What strikes me most of all is the tremendous sense of place in the film, as we start with a shot across the Thames of the old Battersea Power Station and down to the lone Constable Joe (Martin Potter) on the beat in his native Battersea. This area, and Clapham, are still very recognisable for any of us commuters who’ve had the daily pleasure of watching the old power station be turned into a modernistic mess by soulless developers. Back in the early 70s it was still working and, a few years before Floyd’s Pink Pig flew overhead, the area was charcoal grey, smothered in coal dust and exhaust fumes. Joe spots a young Robin Asquith attempting to steal a car and gives chase over to the slag heaps at the power station.

Martin Potter has a detachment which suits Joe’s self-doubt and whilst these are characteristics well used by Federico Fellini, who cast him as Encolpius in his striking Satyricon, we’re in Battersea now and Potter seems a little lost even as he draws the eye with screen presence. Joe is still unformed and just about the only thing he is convinced about is his job, he has a young child with pretty wife Peg (Wendy Allnutt, once described by Dennis Potter as “paralyzingly beautiful”) who he married in haste after the unexpected result of their short relationship forced their hand. Yes, even in 1972.

Martin Potter

Wendy was at drama school with Martin Potter and this undoubtedly helped their chemistry in their uncertain marriage. Wendy’s recollections in the accompanying interview are revelatory in terms of the location, the bleakest part of Battersea was chosen for their flat and also the wedding party, filled with “characters”, director Sidney Hayers’ efficiency and the whole shoot which was a positive experience: “a fun movie to make”. She even enjoyed working with the baby having no experience with such creatures. On second viewing the couple’s relationship makes for a more convincing arc, as Joe, especially, will learn a lot about himself over the course of events.

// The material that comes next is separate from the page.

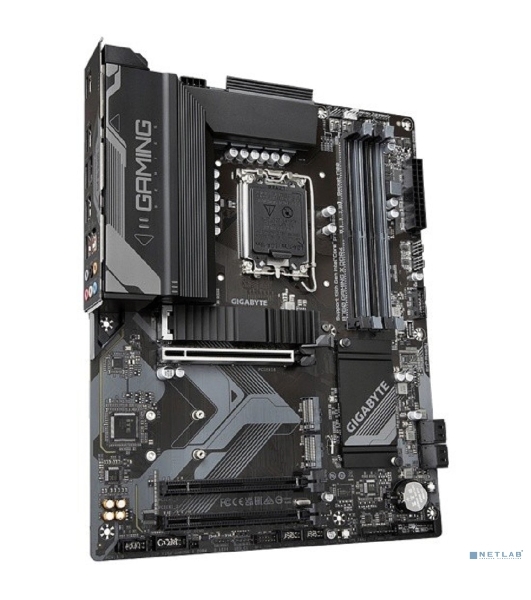 Материнская плата Gigabyte B760 GAMING X, LGA 1700, Intel B760, 4xDDR5, 4xSATA, 3xM.2, 1xPCI-E 4.0 x16, 2xPCI-E 3.0 x1, 1xHDMI, 1xDP, 1x 2.5Gb LAN, 1xUSB 3.2 Gen 2, 1xUSB 3.2 Gen 1, 5xUSB 2.0, 6x3.5 мм, 7.1, ATX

The script covers a lot of ground and is what buoys it aloft above the dangerous terrain of un-gritty is the expressive intensity of Julia Foster; she is the class act here and acts with a subtlety and nuanced grace that gives Coppers an emotional anchor it would otherwise lack. She has an emotional openness as well as a perfectly proportioned face which made me, fall in love with her during the course of that play and every time I’ve seen her since, from Alfie, Half a Sixpence, The Small World of Sammy Lee, to the recent Dad’s Army film and Dr Who, she has never failed to impress. At this point she was 29, more than ten years into her career, and she gives the World-weary assurance you expect as Sue, a woman who has already known too much disappointment and is cautiously looking at all those around her not to fail her.

Julia Foster toughens up for this role

Chief among life’s disappointments has been her mother (Sandra Dorne) who has shacked up with another freeloading boyfriend, Jock (Glynn Edwards) who, to say the least, is a little grabby when it comes to his “daughter in law”. But it’s her own relationships that cause Sue the most grief and more than once bitten she is very shy of new mistakes.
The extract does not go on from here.